実写とアニメと360度映像を組み合わせた表現が話題となり、再生回数1億回超の大ヒットとなったVTuber・星街すいせいの『ビビデバ』など、数多くのMVやオリジナル作品で注目を浴びている映像制作ユニット「擬態するメタ」。アニメ作家のしまぐちニケと、映像作家のBiviがタッグを組んだのは2020年末のことだったが、そのきっかけは、ひとりで創作を続ける限界を感じたことだったという。
「さらに上のレベルに進むには、新しい動きが必要だと思い、映像作家とアイデア先行で作品をつくるチームを組みたいと考えたんです」としまぐちは語る。
偶然にもBiviもチームメイトを探していたタイミングだった。SNSでつながったふたりは「どうでもいい話が延々とできた」と「擬態するメタ」が結成された。
そんな彼らの核にある言葉は、“大衆的実験映像”だ。

「実験映像は本来ワクワクするものなのに、見づらさ故にその魅力が届いていない作品が多いのです。だったら大衆的なエンターテインメントと融合させて、わかりやすいかたちで提示できないかと考えました」としまぐち。

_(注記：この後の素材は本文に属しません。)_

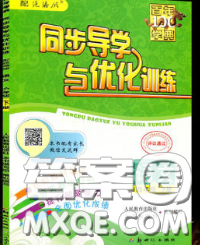 百年学典2020新版同步导学与优化训练四年级语文下册统编版参考答案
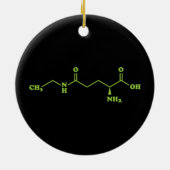 Tea Theanine Molecular Chemical Formula Keramisch Ornament (Achterkant)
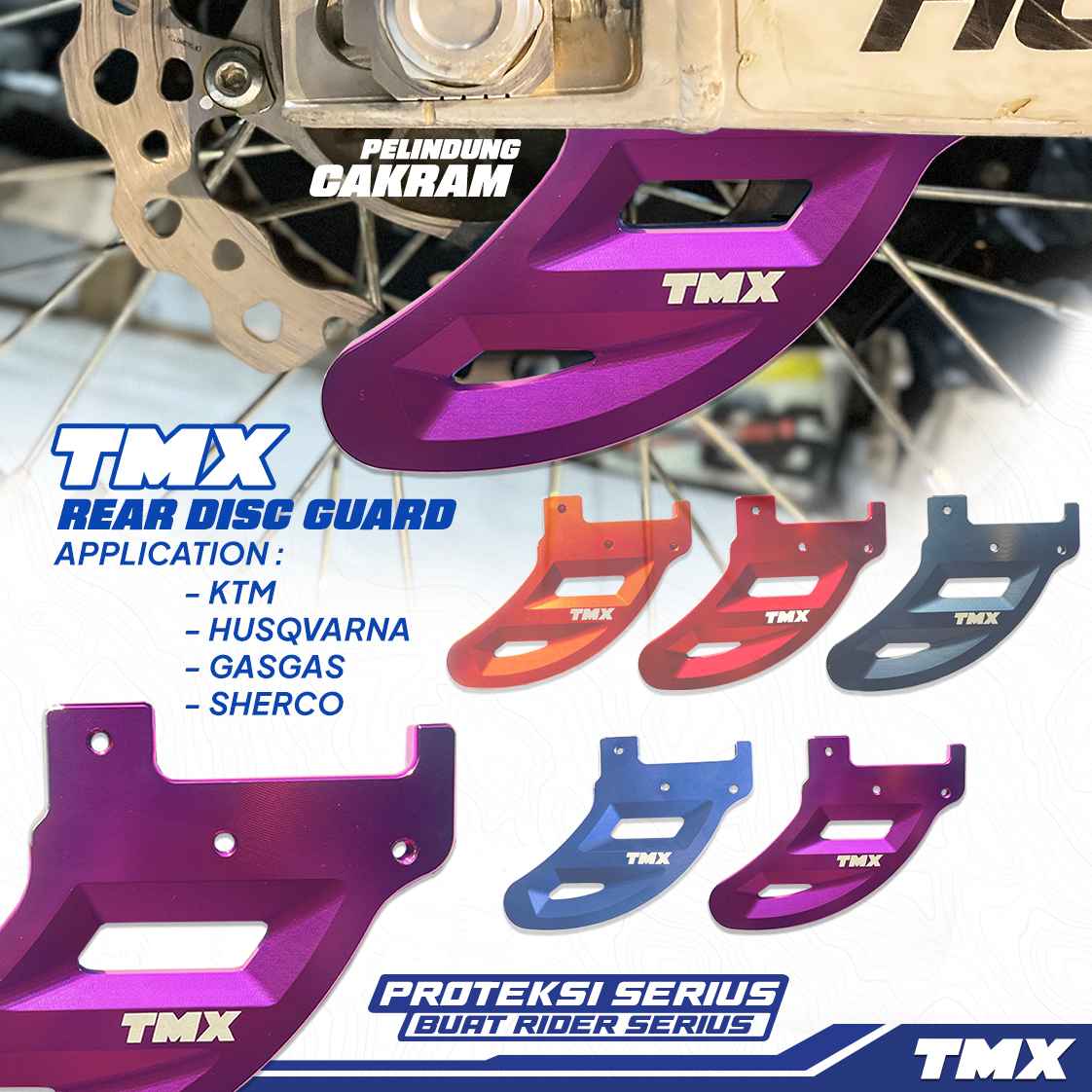 TMX REAR DISC GUARD - PURPLE
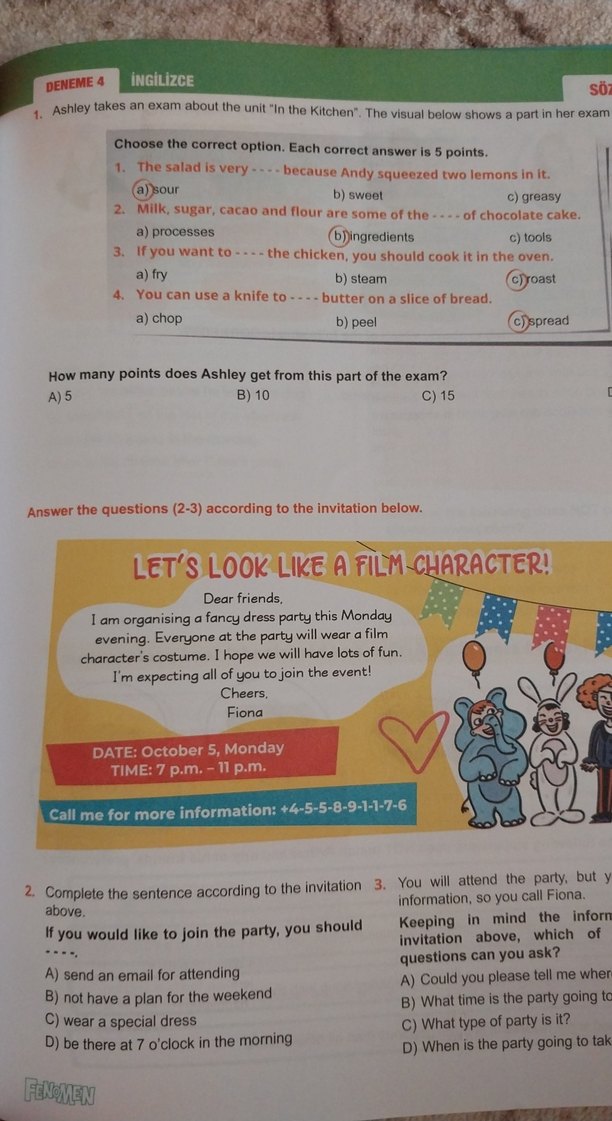 Fenomen 8. Sınıf 1. Dönem Deneme Paketi - Görsel 4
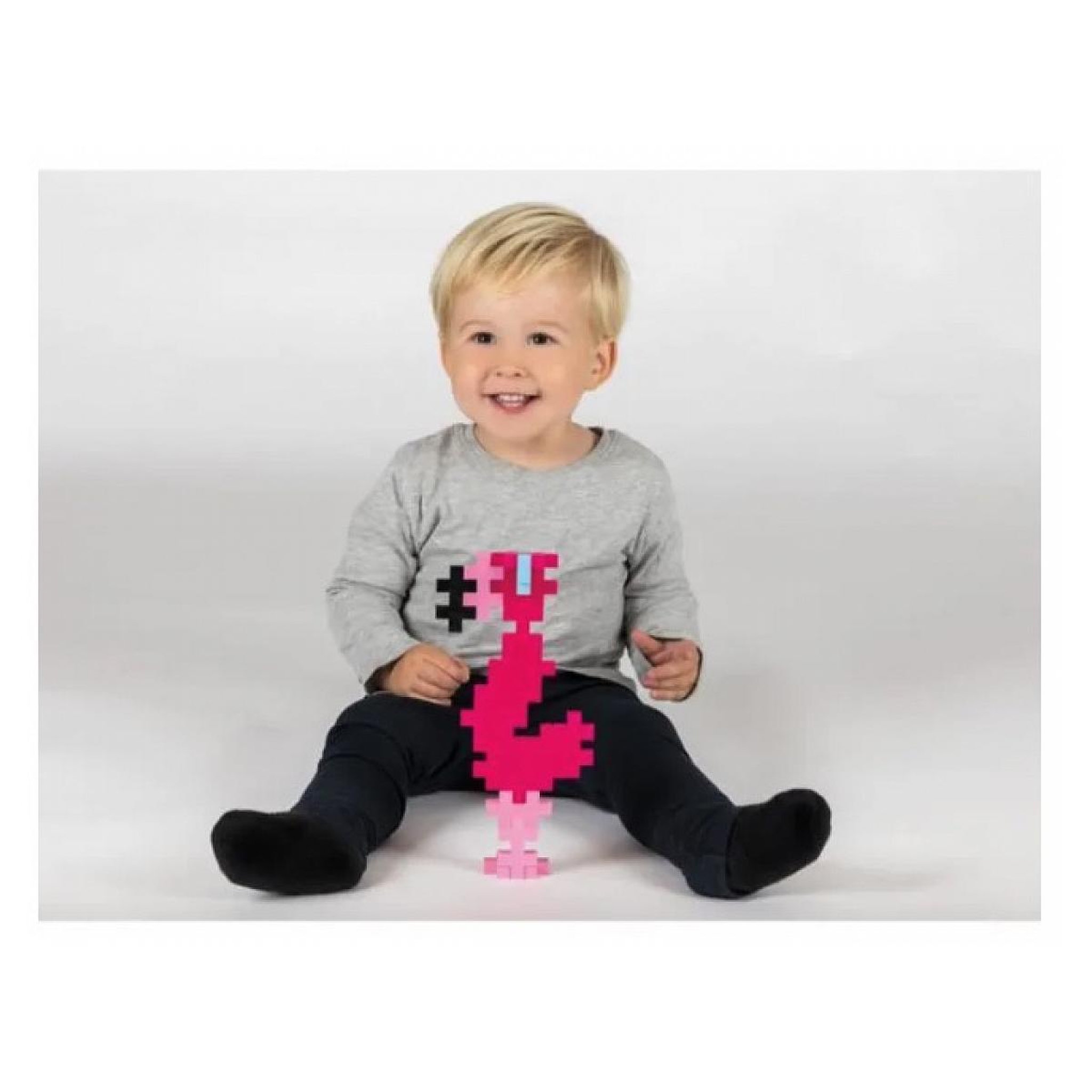 Voir la diapositive 3 : PlusPlus PP3408 Tube Big Flamant rose - 15 pcs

たとえば文字を反転させても読める「アンビグラム」という技法を映像に取り入れたオーイシマサヨシ『L’oN』のMV(ミュージックビデオ)では、誰もが馴染みのある学校の教室を舞台に、掲示されているポスターに反転する文字を描いた。さらには教室全体をひっくり返すという視覚的インパクトで観客を惹きつける。まさに「大衆性×実験性」を両立させる試みだ。
実写とアニメを掛け合わせる手法は彼らの代名詞だが、大きな転機になったのがTOOBOEの『心臓』だ。Biviは回顧する。

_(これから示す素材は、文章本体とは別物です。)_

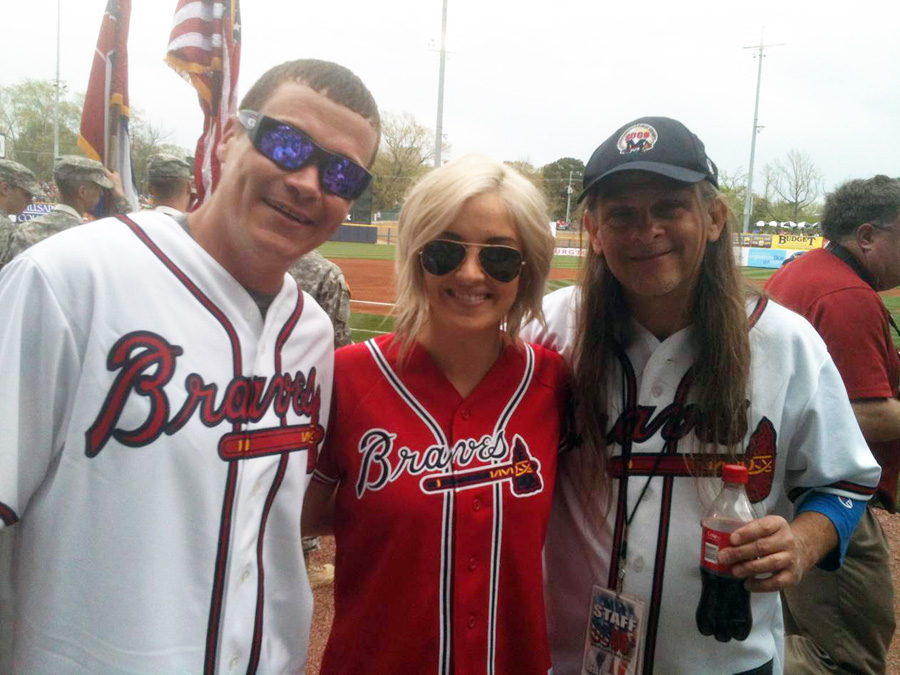 Maggie Rose sings the National Anthem at Braves game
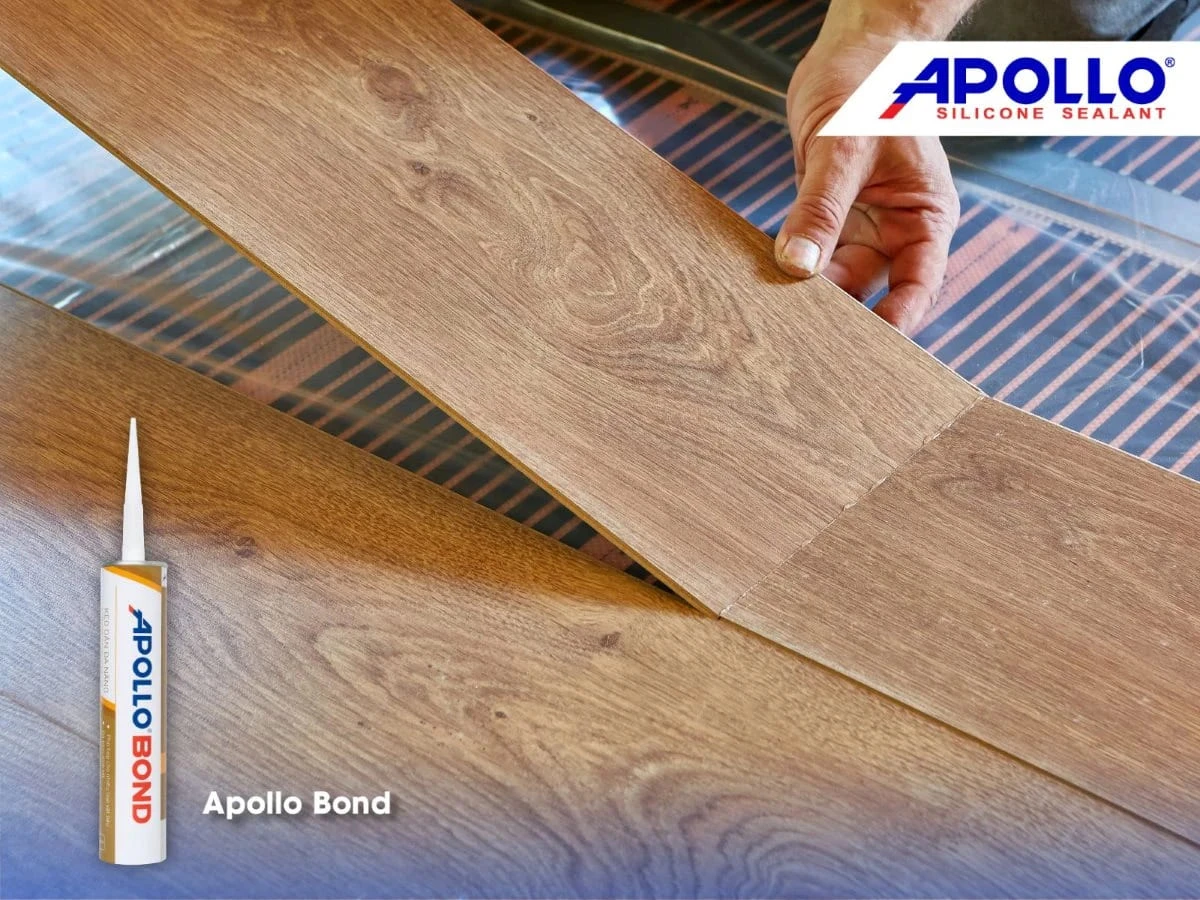 Chất keo đa năng Apollo Bond với thành phần cao su tổng hợp, mang lại khả năng định hình, kết dính tốt, đảm bảo độ bền cho ván gỗ ép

「実は最初から実写とアニメを組み合わせたいと思っていたわけではありません。スケジュールや背景美術の問題といった、いろいろな“できないこと”を埋め合わせた結果、実写を舞台にアニメを描くかたちになりました。でもそれが強烈な印象を与えたみたいで、手応えを得ましたね」

しかし、彼らは単純に「実写×アニメ」を繰り返しているわけではない。『ビビデバ』では、360度カメラを用い、さらにはワンカット撮影を駆使することで、舞台となるMVの撮影現場の雰囲気を真空パックするように作品に落とし込んだ。ところがふたりによれば、「みんなが注目したのは、こだわり抜いた360度表現よりも、アニメで描かれたキャラクターと、実写で撮影された人物とのやり取りだった」という。彼らが苦心した技術面よりも、むしろ舞台裏が映る“メタなつくり”にこそ反応が集中したという点もまた大衆的実験映像ならではの現象かもしれない。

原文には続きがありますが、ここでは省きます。